Les patients atteints d’une affection de longue durée pourront se voir prescrire une activité physique adaptée par leur médecin traitant à partir de mars prochain, selon un récent décret qui pose les modalités d’application de la mesure dite du « sport sur ordonnance ».

Le 27 novembre 2015, les députés adoptaient à l’unanimité la mesure dite « sport sur ordonnance » dans le cadre de l’examen en dernière lecture du projet de loi relatif à la modernisation du système de santé.

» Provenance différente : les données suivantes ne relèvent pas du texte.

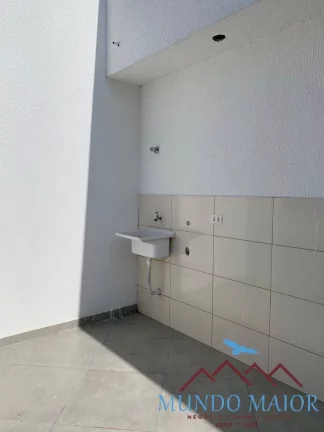 Imagem Cobertura Vila Helena - 2 dorms (1 Suíte) 1 Vaga Coberta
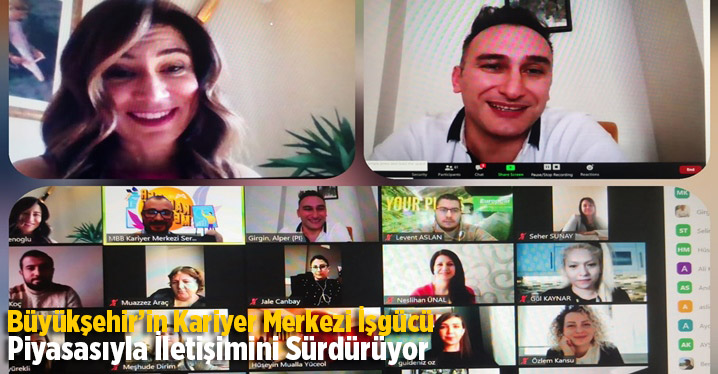 B&uuml;y&uuml;kşehir&rsquo;in Kariyer Merkezi İşg&uuml;c&uuml; Piyasasıyla İletişimini S&uuml;rd&uuml;r&uuml;yor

Plus d’un an après, un décret est officiellement publié dans le Journal Officiel, pour préciser ses modalités d’application.

Le texte porté par la députée Valérie Fourneyron, ancienne ministre des Sports, permet aux personnes souffrant d’une affection de longue durée (ALD) de se voir prescrire une activité physique adaptée à partir du 1er mars 2017. Une affection de longue durée est une maladie dont la gravité et/ou le caractère chronique nécessitent un traitement prolongé et une thérapeutique particulièrement coûteuse.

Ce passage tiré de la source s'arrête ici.